This question came to me when I was designing the culture of a fictional country. I was wondering outside of the life sciences, why do we use gender, and should we keep it in our daily lives. In my own view the division of people by physical gender is pointless and serves only to create conflict.
Foot race or motorsport race?
Race to me is another thing I can't conform to because I am made up by a diversity of several ethnicities. I find putting people into segregated groups by skin colour and ethnicity is stupid.
Being of mixed heritage, I am rather confounded by the concept of racism - but I am still aware that I am of mixed heritage and know the race of both my mother and father; a concept that is confirmed by society recognizing their races as well. To try to deny that race exists not only erases their cultural identities, but erases my identity as well since my self perception has been significantly shaped by knowing I wasn't fully accepted in either culture. Hmmm, this is starting to sound a lot like your experience with gender.
That reality doesn't promote anything. It just is. That's like saying that black and white promote a desire for colors. They're just opposite shades that exist with or without our consent. Wringing your hands over their existence doesn't make them turn blue, red, yellow, or any shade of gray. Accept and embrace this, because it's the only reality there is, regarding this topic. The fact that the cause & effect of this reality has some egregious consequences, in your eyes, shouldn't blind you from all the great things that do come out of our reproductive system, and our undeniable gender differences, the semantics of which word to use notwithstanding.
But what wonderful conflict.
Anyway, you seem to be making an assumption that conflict is bad. In a dialectical realilty, conflict is part of the engine that results in all sorts of improvements.
Sexual reproduction allows our species (and others) to evolve more quickly in response to environmental changes. Gender is the reflection of the importance of reproduction in our lives and for our society. At its most base gender may be about reproduction and allowing the species to evolve, but the individual fates of members of our species (and their offspring) can be dramatically effected by their choice of mates.
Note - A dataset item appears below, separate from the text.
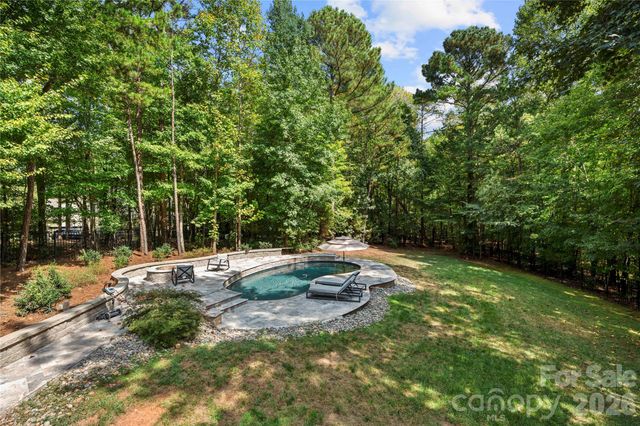 1324 Huntcliff Drive, Waxhaw, NC 28173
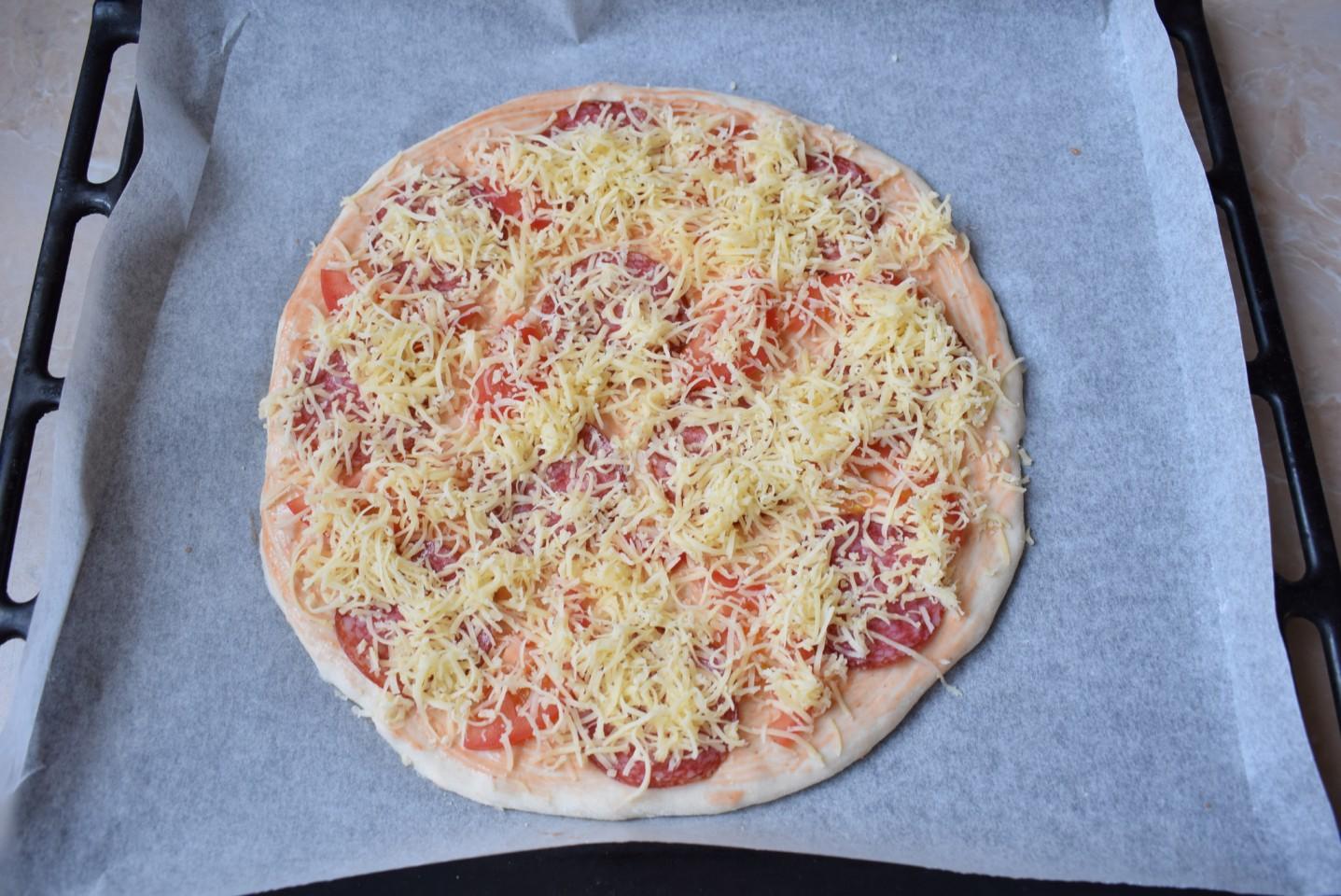 Шаг 9 приготовления Пицца с копченой колбасой и сыром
Gender is essentially the first issue or step if you will in our very complicated and vitally important mating rituals.
And beyond all that, how does natural selection explain the emergence of gender? While I believe in evolution wholeheartedly, I grant that it doesn't explain everything, or perhaps better: it doesn't always provide us with obvious, easily understood, prepackaged explanations.
How does natural selection create the two sexes, which can't reproduce without each other, in parallel and timed correctly so that heterosexuality can begin? And was there a period during which an early species existed in both heterosexual and unisexual forms, with heterosexuality finally prevailing.
It's hard to imagine how some creatures living and some creatures dying due to survivability resulted in heterosexuality, especially since it has a distinct disadvantage against unisexuality when it comes to moving the species forward and ensuring its survival, which is that if I'm a unisexual creature, I don't need to find a mate, I can just produce clones of myself. Unisexual creatures have demonstrated survivability. they are very ancient and all around us.
It's a puzzle to which we may never know the answer.
BTW, search on "how does evolution explain heterosexuality?" in google and notice that all the main answers have thE original question changed around to a totally different and unrelated question. All those first answers are about "how does evolution explain HOMOSEXUALITY?"!!!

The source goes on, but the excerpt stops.